25.  VISION INSTRUCTIONS

25.1.  Overview

This page contains help for the Vision Instruction Set. When editing the teach pendant program, press the F1,[INST] key for a list of teach pendant instructions. The iRVision instructions are under the group heading VISION ( not to be confused with PC VISION - which is used with a PC based vision system).

After selecting the VISION group the vision instructions will be displayed. Select one of the desired instructions:

  • RUN_FIND

  • GET_OFFSET

  • SET_REFERENCE

  • CAMERA_CALIB

  • VR[].OFFSET

  • VR[].MODELID

25.2.  RUN_FIND

VISION RUN_FIND '...' CAMERA_VIEW[...]

This instruction begins with a request to acquire the image. After the image has been acquired, control returns to the robot and the robot can move. The vision process continues to process.

Parameters

Vision Process Name: This indicates the name of the vision process.

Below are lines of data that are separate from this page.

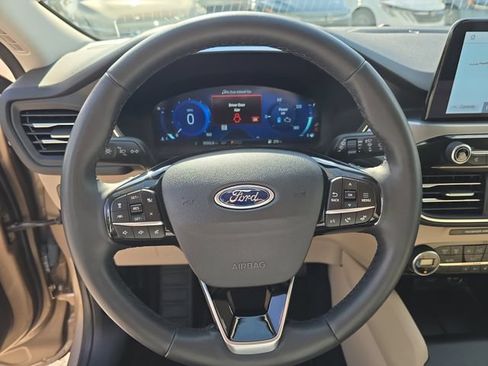 Used 2021 Ford Escape Titanium FWD image 32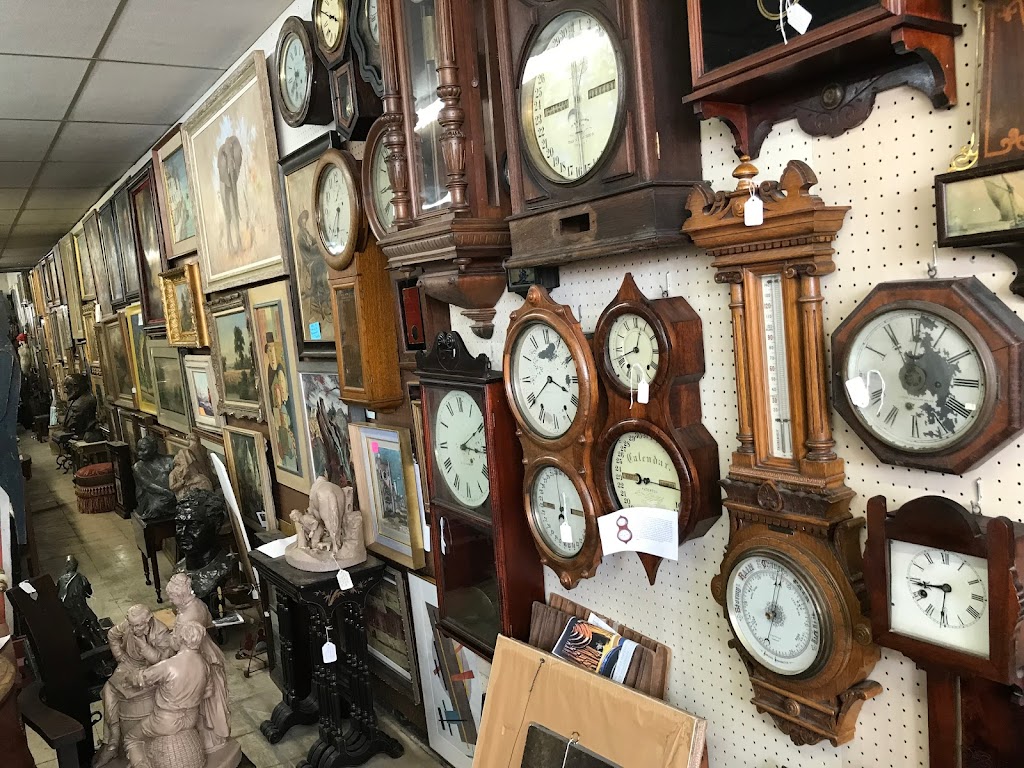 Triple A Antiques | 110 N 7th St, Beatrice, NE 68310, USA | Phone: (402) 239-2799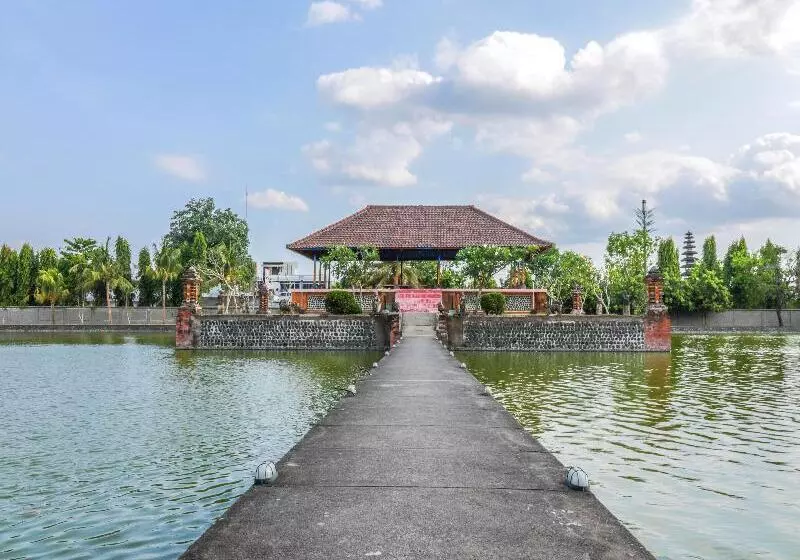 ホテル Spot On 1784 Tnc Residence Syariah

The name can be selected from the list of valid vision processes.

Camera View Number: An option that is used with a vision program with more than one camera image and the images can not be acquired at the same time. For example, suppose there is one overhead camera, and the robot is holding a part with two target holes. The target holes are too far apart to be in the same FOV. Hole one is acquired, the robot moves and hole two is acquired. In this case there would be two RUN_FIND instructions — one for each hole.

25.3.  GET_OFFSET

VISION GET_OFFSET 'VP1' VR[2] JMP LBL[99]

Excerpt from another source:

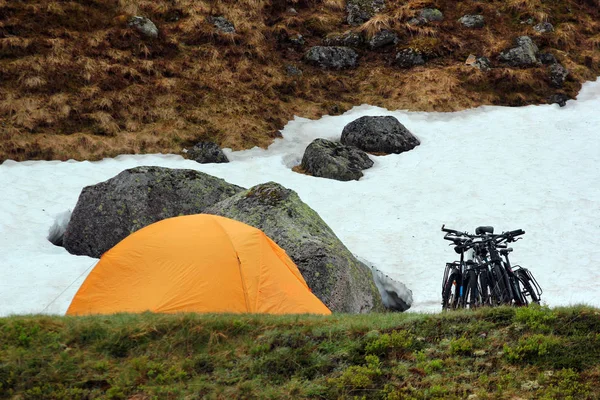 Gula Tält Och Cyklar Nära Snön Norska Fjällen — Stockfoto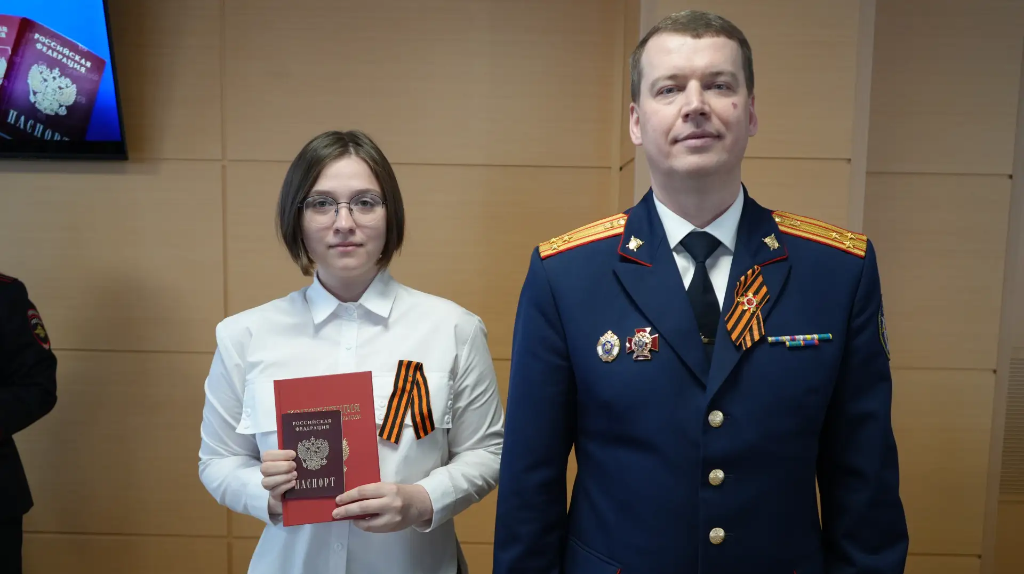 Юные брянцы получили паспорта из рук руководителей силовых структур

This command provides a destination vision register for the vision process. After the vision process has completed and the data has been transferred to the appropriate vision register, control returns to the robot.

Parameters

Vision Process Name: Type the name of the vision process.

Vision Register Index: Type the index of the vision register to receive the data.

Jump Label: Type the label of a jump statement. The program jumps to this label in the event the vision program fails or no parts are found.

25.4. GET_PASSFAIL

Syntax

VISION GET_PASSFAIL 'VP1' R[99]

This instruction transfers the vision pass fail result of a vision process to a general register.

Parameters

Vision Process Name: The name of the vision process. The name can be selected from the list of inspection vision processes.

Pass Fail Register : This register contains the pass fail result.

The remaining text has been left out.